Power isn’t the hardest problem. A contact lens sits directly on the surface of the eye, much too close for the eye to focus on.

“To create the focused image we have to manipulate the light rays,” says Parviz. “You can create a focused image if you use laser instead of LEDs.”

If shining very low power diode lasers on to the retina seems risky, then microLEDs might be the answer. These provide diffuse light and, to make them work, Parviz might integrate an array of individual micro-lenses into the contact lens.

All this raises questions of biocompatibility: The electronics in the contact lenses must not harm the eye. If that’s assured, then the idea of a fully functional wireless display on a contact lens might seem, at first, to have many uses.

Parviz talks about augmented reality, such as superimposing text messages or direction arrows on your view of the world.

However, Professor James Wolffsohn of Aston University in Birmingham, England, isn’t enthusiastic. As the head of optometry, his research interests include contact lenses.

“I’ve never seen anyone try and print circuits on to a contact lens,” Wolffsohn says.

He points out that a contact lens is around 14mm wide, compared with the pupil’s diameter of between 4mm and 5mm. He reckons that doesn’t leave a lot of space for electronics without interrupting vision.

“The focusing would be the real issue. These are incredibly close to the eye,” Wolffsohn says, adding that while dust in a contact lens is uncomfortable, you don’t see it because it’s just too close.

The same applies to images on the contact lens.

“There would have to be some projection technology for it to appear at a distance that you could then focus on. I can’t really see them generating a projection through a contact lens,” he says.

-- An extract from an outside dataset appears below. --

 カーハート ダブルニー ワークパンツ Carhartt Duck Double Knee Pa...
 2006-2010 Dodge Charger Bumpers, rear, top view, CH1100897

Wolffsohn also doesn’t think the research will help low-vision sufferers who need high-contrast large-text solutions; only a very small number wear contact lenses already. Most people commonly needing vision correction choose glasses, and, as for laser diodes: “There would certainly be issues about laser damage to the retina.”

Nevertheless, Wolffsohn is attracted to the idea of putting electronics onto glasses. There’s more space and no biocompatibility issues, while image projection is an easier proposition.

His verdict on using contact lenses as a display device?

“They wouldn’t be my starting point if I had this technology,” Wolffsohn says.

But whichever way this research goes, it’s worth keeping an eye on.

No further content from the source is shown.